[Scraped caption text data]
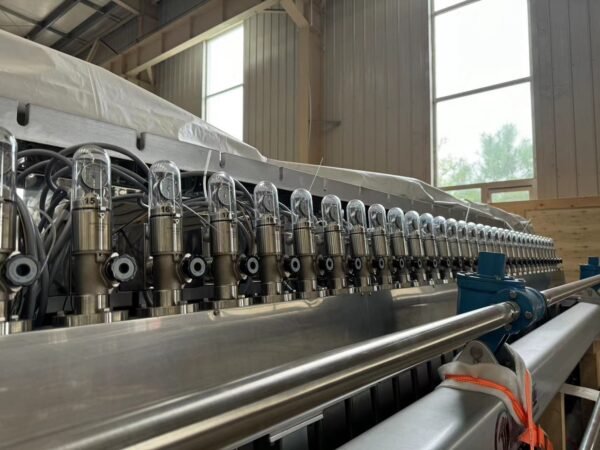 Headbox-hydraulic dilution headbox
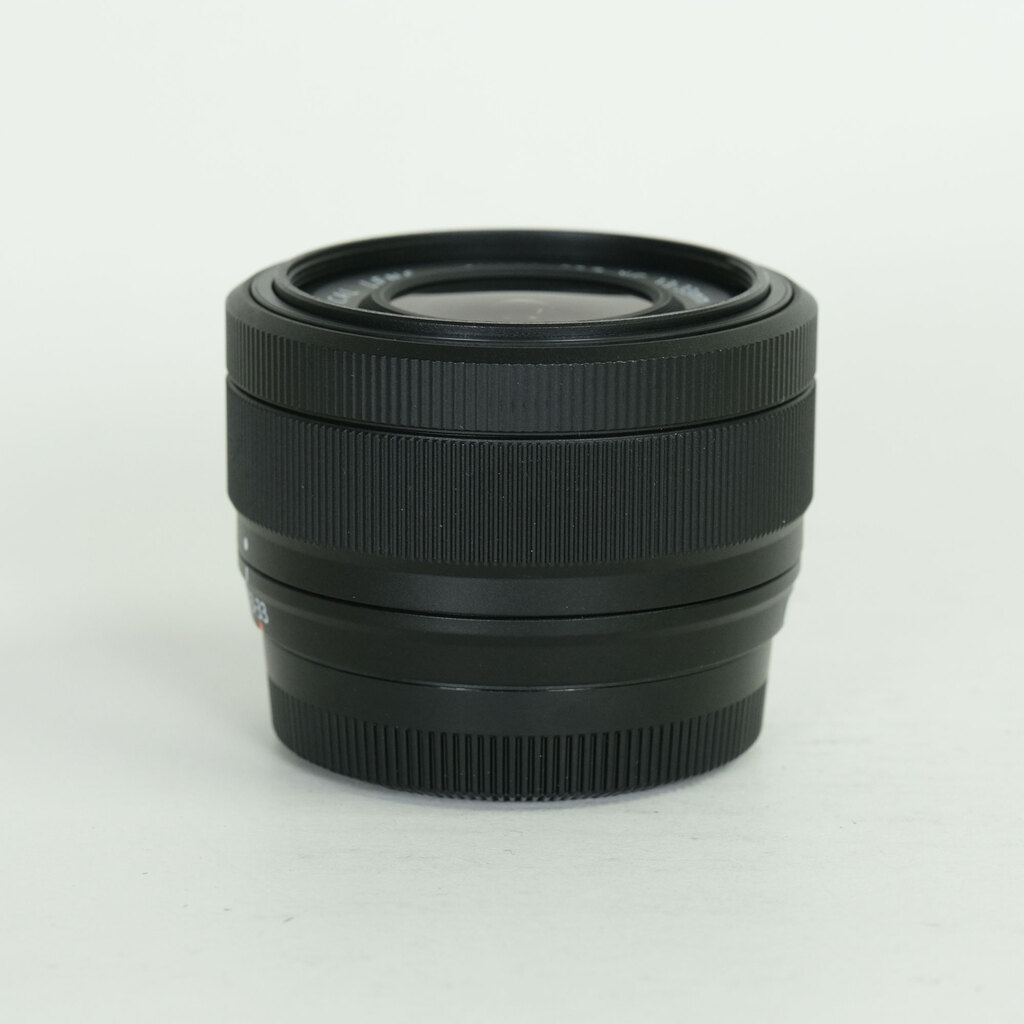 FUJIFILM XC13-33mm F3.5-6.3 OIS FUJIFILM XC13-33mm F3.5-6.3 OIS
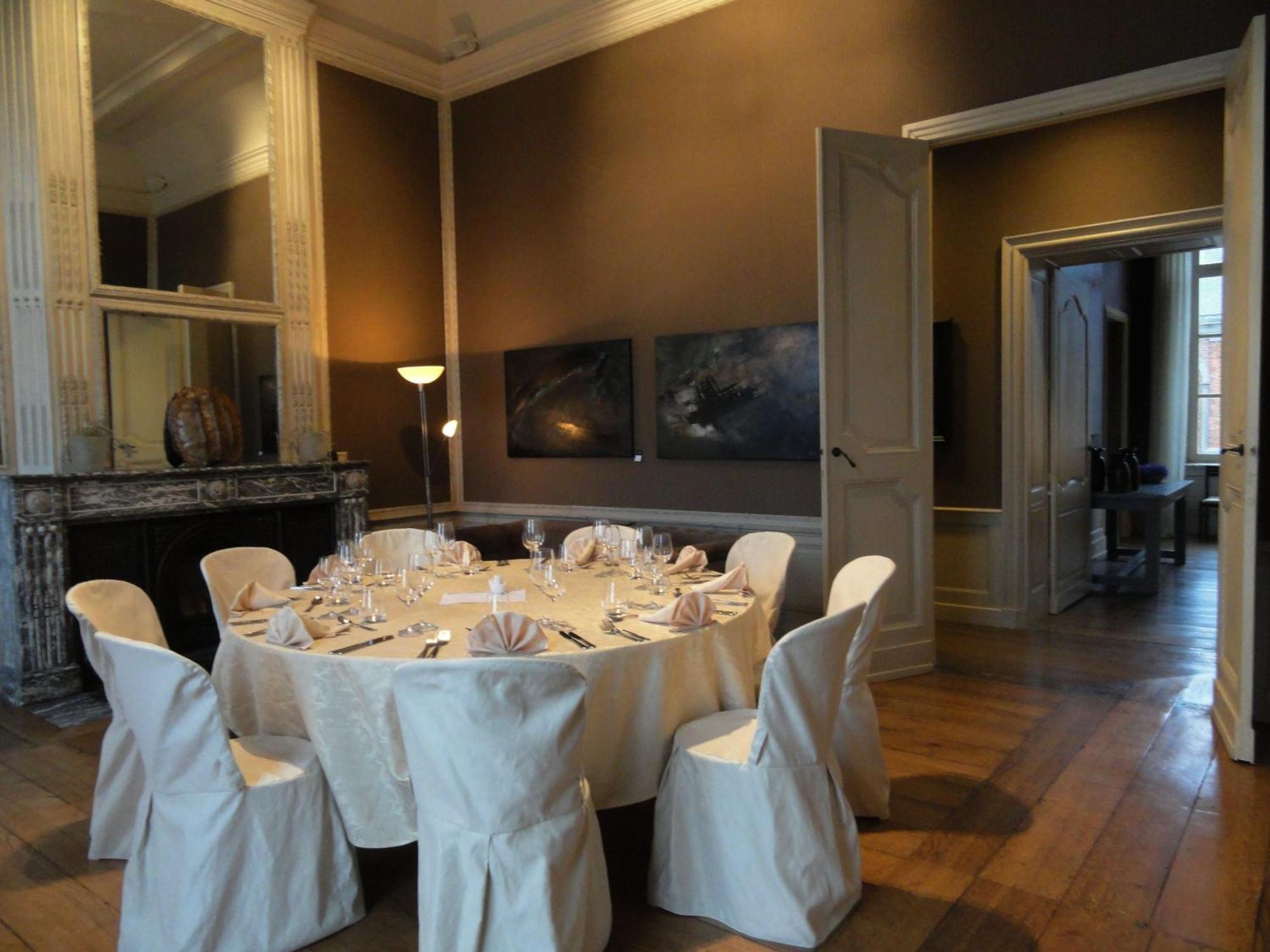 Chateau De Vierset-Barse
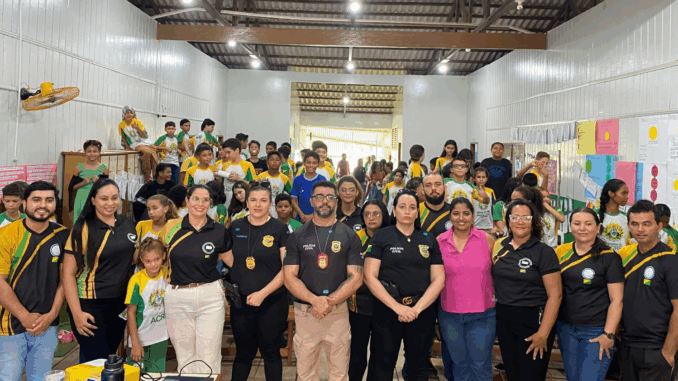 comunidade-escolar-da-zona-rural-de-cruzeiro-do-sul-recebe-policiais-civis-em-palestra-sobre-violencia-domestica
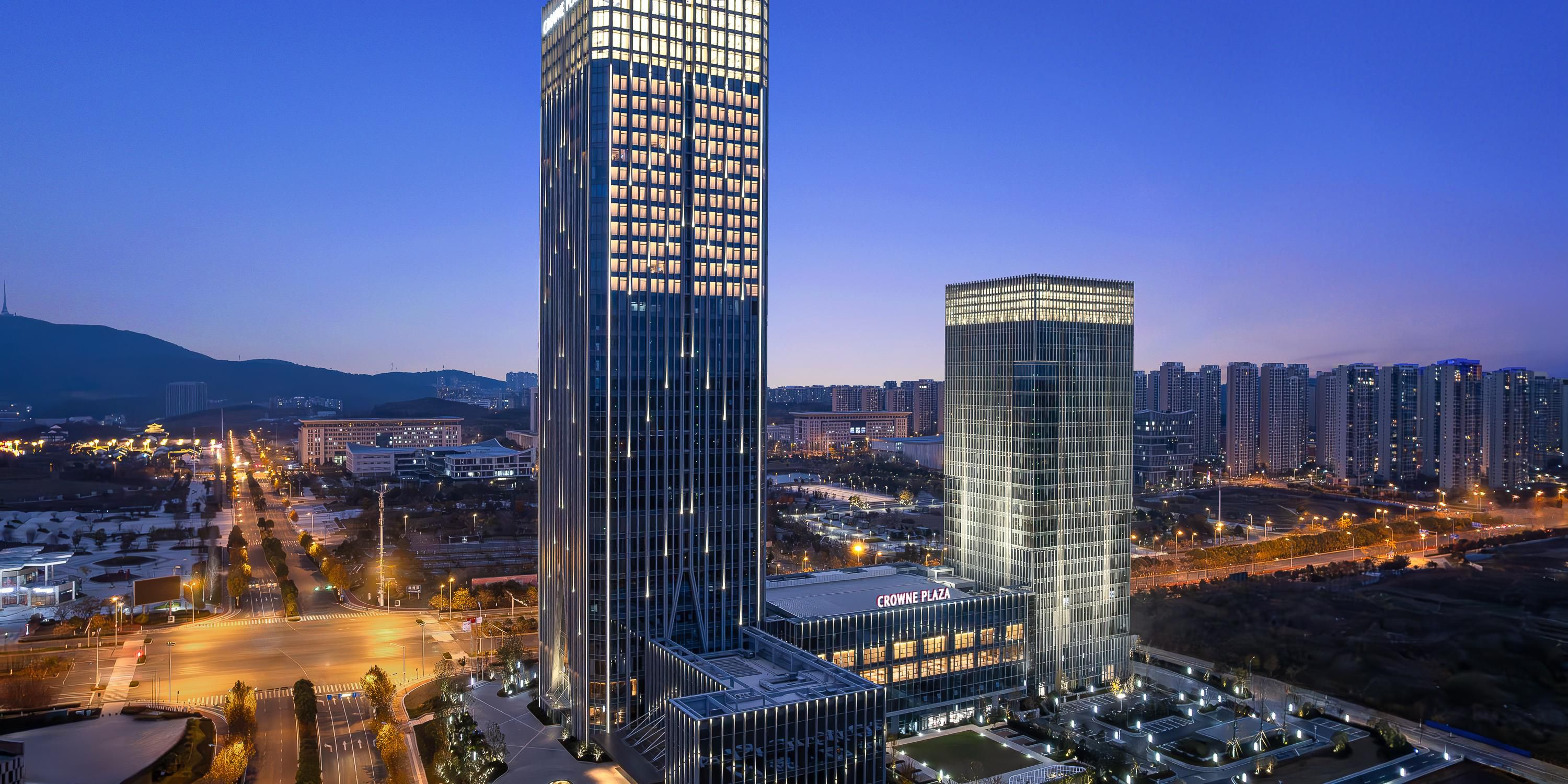 Crowne Plaza Jingmen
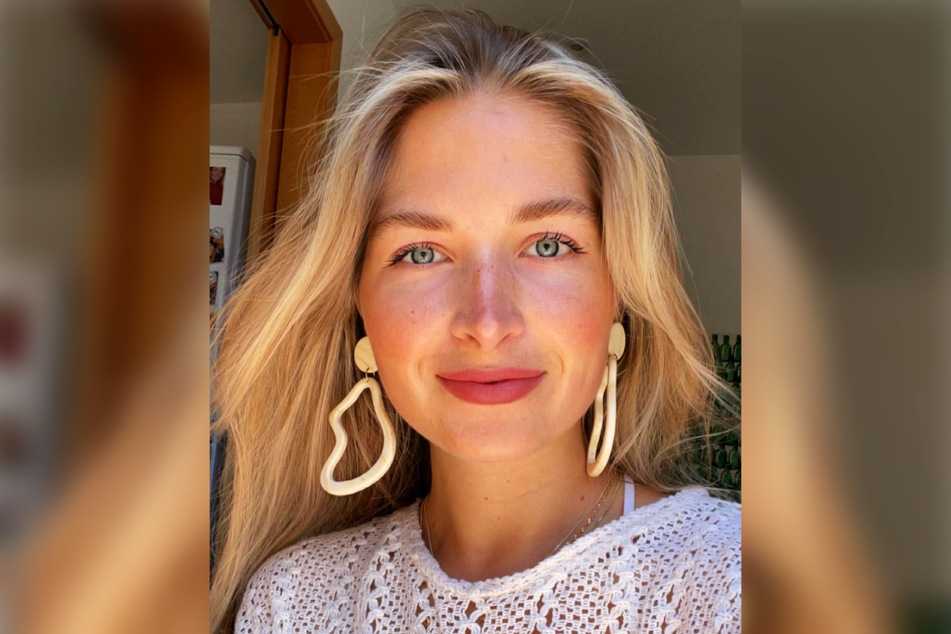 Von einigen Fans bekam die 28-Jährige schon fiese Kommentare wegen ihrer Figur. Davon lässt sie sich jedoch nicht die Vorfreude auf den Kleinen vermiesen.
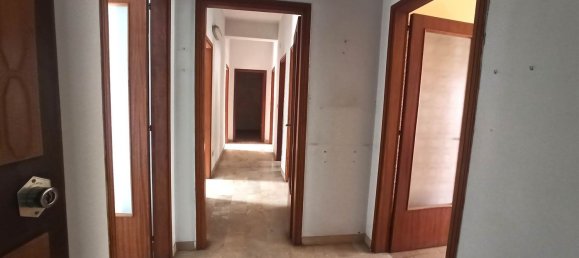 Apartamento de 4 divisões em Reggio Calabria, Italy N.º 35871 11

# Problem
Each line from the one that holds "Crowne Plaza Jingmen" through the end of the entries must be returned exactly, while any pictures stay out.

# Written response
 Crowne Plaza Jingmen
 Von einigen Fans bekam die 28-Jährige schon fiese Kommentare wegen ihrer Figur. Davon lässt sie sich jedoch nicht die Vorfreude auf den Kleinen vermiesen.
 Apartamento de 4 divisões em Reggio Calabria, Italy N.º 35871 11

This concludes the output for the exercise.